Она пошла вслед за Олджи, стараясь быть сдержанной. На кухне он снял пиджак, развязал галстук, расстегнул верхнюю пуговицу на рубашке, потянулся, налил воды в чайник и насыпал немного кофе в две чашки. Посмотрев на нее, он улыбнулся ей какой-то новой, серьезной, а не сияющей улыбкой.

— Как ты, Мадж?

— Я? В порядке.

— Знаешь, я тут подумал… Мы ведь занимались любовью без презерватива. Ты уверена, что с тобой все в порядке?

— Да. Тебе не о чем беспокоиться, — ответила она натянуто и сухо.

Муж улыбнулся ей той сияющей улыбкой, о которой можно лишь мечтать. Это была улыбка облегчения. Он разлил кипяток по чашкам, добавил немного молока и, присев на один из стульев, кивнул ей на другой. Она медленно опустилась на стул.

— Как твоя работа?

— Хорошо. Но я до сих пор не нашла документ.

— А что, если ты его не найдешь?

— Ну, пока это не проблема. У меня много другой работы.

— А без него ты не сможешь ее закончить?

Она прищурилась и беспокойно прикусила нижнюю губу. Неужели он надеется на то, что она уедет? Для нее сама мысль об отъезде была непереносима. До тех пор, пока она здесь, в Петен Энд, у нее есть надежда, что однажды у него снова вспыхнет желание и они опять будут вместе.

— Я еще должна поискать.

— А что будет, когда ты везде посмотришь?

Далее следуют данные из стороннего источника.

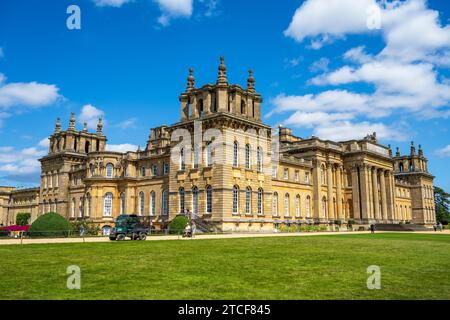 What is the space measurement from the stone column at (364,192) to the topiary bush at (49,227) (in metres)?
41.7

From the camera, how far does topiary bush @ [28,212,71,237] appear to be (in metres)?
34.2

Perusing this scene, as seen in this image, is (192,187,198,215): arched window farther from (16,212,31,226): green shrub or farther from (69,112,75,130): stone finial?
(16,212,31,226): green shrub

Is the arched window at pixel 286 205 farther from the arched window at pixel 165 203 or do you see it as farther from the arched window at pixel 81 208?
the arched window at pixel 81 208

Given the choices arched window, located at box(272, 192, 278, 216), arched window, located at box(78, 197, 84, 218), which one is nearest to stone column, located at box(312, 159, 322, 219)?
arched window, located at box(272, 192, 278, 216)

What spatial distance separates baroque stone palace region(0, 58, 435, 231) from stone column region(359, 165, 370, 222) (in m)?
0.15

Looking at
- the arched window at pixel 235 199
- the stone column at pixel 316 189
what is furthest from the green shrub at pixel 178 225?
the stone column at pixel 316 189

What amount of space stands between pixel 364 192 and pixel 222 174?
1160 inches

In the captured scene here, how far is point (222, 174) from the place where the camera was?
134 feet

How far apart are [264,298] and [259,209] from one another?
120ft

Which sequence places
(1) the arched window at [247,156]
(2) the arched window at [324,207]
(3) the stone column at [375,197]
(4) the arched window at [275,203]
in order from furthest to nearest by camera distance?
(3) the stone column at [375,197] < (2) the arched window at [324,207] < (4) the arched window at [275,203] < (1) the arched window at [247,156]

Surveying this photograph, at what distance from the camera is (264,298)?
858cm

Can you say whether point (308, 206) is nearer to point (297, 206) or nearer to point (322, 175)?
point (297, 206)

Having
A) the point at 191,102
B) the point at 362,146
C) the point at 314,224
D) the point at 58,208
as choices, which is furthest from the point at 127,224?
the point at 362,146

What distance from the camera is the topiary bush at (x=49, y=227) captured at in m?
34.2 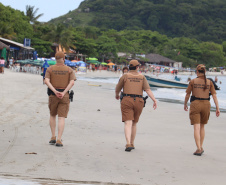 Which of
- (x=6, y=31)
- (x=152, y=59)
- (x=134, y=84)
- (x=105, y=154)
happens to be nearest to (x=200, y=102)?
(x=134, y=84)

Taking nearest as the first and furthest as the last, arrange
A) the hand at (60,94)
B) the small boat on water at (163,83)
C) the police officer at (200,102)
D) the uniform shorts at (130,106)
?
the hand at (60,94) < the uniform shorts at (130,106) < the police officer at (200,102) < the small boat on water at (163,83)

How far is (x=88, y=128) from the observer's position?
10383 mm

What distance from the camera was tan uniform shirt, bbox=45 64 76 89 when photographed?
7754 millimetres

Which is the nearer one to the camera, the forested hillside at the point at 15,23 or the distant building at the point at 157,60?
the forested hillside at the point at 15,23

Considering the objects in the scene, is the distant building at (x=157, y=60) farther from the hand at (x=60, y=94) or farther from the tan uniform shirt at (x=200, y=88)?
the hand at (x=60, y=94)

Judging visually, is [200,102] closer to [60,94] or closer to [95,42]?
[60,94]

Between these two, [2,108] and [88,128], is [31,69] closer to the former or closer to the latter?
[2,108]

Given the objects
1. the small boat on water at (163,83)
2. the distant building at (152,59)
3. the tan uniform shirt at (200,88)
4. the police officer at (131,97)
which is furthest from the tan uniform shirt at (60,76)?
the distant building at (152,59)

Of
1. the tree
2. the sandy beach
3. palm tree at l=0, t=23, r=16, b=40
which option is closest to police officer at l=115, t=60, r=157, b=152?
the sandy beach

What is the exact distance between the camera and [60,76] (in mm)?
7773

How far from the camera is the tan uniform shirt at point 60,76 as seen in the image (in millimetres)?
7754

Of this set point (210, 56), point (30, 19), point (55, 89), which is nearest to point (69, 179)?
point (55, 89)

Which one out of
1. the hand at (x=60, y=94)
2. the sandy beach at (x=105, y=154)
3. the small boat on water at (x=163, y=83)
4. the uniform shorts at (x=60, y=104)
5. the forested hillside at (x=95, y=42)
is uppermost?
the forested hillside at (x=95, y=42)

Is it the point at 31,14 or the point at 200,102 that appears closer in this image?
the point at 200,102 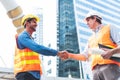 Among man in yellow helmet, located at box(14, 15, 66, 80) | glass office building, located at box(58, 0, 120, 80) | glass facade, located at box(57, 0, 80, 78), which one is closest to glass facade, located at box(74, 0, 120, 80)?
glass office building, located at box(58, 0, 120, 80)

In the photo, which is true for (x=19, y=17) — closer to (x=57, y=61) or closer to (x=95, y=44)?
(x=95, y=44)

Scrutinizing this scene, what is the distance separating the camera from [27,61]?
396 cm

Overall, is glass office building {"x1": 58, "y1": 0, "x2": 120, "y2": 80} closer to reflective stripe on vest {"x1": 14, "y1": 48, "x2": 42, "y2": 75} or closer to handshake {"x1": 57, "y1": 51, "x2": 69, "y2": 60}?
handshake {"x1": 57, "y1": 51, "x2": 69, "y2": 60}

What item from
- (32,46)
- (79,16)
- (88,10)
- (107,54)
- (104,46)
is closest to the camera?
(107,54)

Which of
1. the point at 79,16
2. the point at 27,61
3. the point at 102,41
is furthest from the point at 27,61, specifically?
the point at 79,16

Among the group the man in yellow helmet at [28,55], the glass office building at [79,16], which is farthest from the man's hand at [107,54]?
the glass office building at [79,16]

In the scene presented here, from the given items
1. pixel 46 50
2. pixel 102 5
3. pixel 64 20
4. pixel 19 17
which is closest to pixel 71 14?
pixel 64 20

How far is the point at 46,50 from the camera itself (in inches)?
157

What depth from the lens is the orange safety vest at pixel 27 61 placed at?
395 centimetres

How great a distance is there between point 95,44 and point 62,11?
3179 inches

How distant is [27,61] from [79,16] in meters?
73.9

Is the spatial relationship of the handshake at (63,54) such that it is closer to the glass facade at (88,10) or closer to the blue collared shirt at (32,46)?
the blue collared shirt at (32,46)

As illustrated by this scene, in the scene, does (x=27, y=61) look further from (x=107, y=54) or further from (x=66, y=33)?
(x=66, y=33)

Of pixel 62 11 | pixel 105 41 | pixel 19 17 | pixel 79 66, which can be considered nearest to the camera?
pixel 105 41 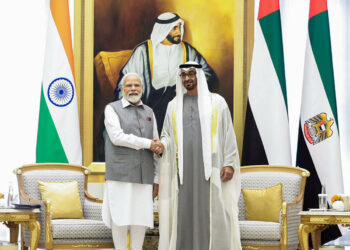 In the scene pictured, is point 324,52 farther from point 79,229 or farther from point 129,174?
point 79,229

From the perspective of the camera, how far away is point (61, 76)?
22.8 ft

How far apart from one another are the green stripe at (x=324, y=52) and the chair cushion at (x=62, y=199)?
8.97 ft

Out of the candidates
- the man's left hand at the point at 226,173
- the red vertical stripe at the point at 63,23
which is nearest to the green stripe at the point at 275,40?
the man's left hand at the point at 226,173

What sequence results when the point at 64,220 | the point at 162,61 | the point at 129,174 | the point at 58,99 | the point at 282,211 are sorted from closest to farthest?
the point at 129,174
the point at 282,211
the point at 64,220
the point at 58,99
the point at 162,61

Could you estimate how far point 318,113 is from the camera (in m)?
6.69

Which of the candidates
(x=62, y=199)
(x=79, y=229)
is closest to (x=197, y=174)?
(x=79, y=229)

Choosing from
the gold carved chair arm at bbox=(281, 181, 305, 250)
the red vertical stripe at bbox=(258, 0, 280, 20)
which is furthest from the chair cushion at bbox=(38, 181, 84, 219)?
the red vertical stripe at bbox=(258, 0, 280, 20)

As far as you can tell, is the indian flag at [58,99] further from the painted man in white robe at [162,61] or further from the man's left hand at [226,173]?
the man's left hand at [226,173]

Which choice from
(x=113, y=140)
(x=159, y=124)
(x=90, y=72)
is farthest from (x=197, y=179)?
(x=90, y=72)

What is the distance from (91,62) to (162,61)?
0.79 meters

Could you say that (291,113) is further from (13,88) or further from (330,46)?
(13,88)

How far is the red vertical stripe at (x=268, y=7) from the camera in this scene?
683cm

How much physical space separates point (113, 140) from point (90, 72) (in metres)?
1.86

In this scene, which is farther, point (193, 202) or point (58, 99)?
point (58, 99) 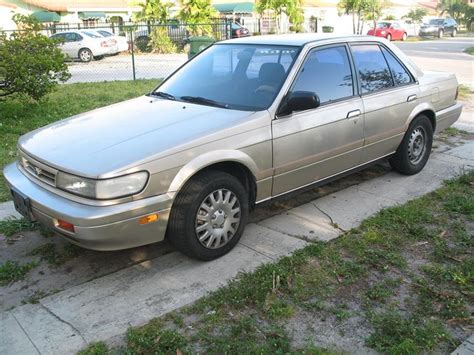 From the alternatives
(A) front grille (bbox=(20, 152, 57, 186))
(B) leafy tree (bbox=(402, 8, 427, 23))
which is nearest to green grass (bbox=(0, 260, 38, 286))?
(A) front grille (bbox=(20, 152, 57, 186))

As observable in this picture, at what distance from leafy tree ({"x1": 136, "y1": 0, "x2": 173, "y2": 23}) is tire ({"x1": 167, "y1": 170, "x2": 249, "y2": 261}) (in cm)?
2579

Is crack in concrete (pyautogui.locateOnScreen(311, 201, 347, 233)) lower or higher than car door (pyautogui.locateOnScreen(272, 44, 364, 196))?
lower

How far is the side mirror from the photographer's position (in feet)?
13.4

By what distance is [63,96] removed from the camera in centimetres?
1110

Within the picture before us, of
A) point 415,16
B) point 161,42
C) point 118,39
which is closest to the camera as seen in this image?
point 118,39

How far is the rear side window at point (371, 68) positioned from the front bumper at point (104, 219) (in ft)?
8.57

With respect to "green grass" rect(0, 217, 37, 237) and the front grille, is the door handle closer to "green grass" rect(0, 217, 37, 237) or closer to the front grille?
→ the front grille

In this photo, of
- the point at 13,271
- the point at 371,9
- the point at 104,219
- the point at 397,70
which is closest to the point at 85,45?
the point at 397,70

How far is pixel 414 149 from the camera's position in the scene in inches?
230

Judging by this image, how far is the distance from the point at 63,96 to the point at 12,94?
216 cm

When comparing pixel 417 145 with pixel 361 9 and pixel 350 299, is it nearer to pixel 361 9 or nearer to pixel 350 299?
pixel 350 299

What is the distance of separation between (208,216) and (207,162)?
1.38ft

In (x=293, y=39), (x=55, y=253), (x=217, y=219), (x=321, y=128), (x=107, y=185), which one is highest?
(x=293, y=39)

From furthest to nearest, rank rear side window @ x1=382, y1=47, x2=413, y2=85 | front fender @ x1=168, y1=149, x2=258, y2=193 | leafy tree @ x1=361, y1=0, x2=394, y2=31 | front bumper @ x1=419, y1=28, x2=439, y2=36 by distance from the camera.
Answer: front bumper @ x1=419, y1=28, x2=439, y2=36 → leafy tree @ x1=361, y1=0, x2=394, y2=31 → rear side window @ x1=382, y1=47, x2=413, y2=85 → front fender @ x1=168, y1=149, x2=258, y2=193
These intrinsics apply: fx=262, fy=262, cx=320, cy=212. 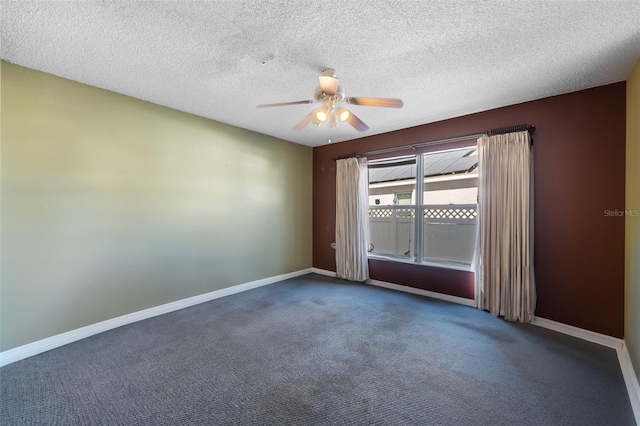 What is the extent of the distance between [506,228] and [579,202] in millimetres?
666

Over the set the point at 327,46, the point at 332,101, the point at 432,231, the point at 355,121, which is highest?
the point at 327,46

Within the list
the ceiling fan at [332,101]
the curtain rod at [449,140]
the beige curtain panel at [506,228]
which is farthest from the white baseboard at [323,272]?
the ceiling fan at [332,101]

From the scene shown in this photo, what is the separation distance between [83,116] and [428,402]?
152 inches

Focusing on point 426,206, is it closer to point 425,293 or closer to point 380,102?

— Я… Я подумаю об этом, когда придет время, хорошо? Сейчас моя работа в самом разгаре. Уединение здесь просто бесподобное.

— Я думал, для тебя эта необыкновенная история настолько важна, что в ней должна быть верна каждая деталь?

Мадж слегка покраснела и выглянула из окна. Да, она так тоже считала когда-то и в то время верила в каждое свое слово. Но история, кажется, начинала жить самостоятельной жизнью. Вместо ответа Мадж промычала что-то неопределенное.

— Что ты скажешь, если я буду приезжать на выходные?

— Я… это же твой дом. Ты можешь проводить здесь столько времени, сколько захочешь.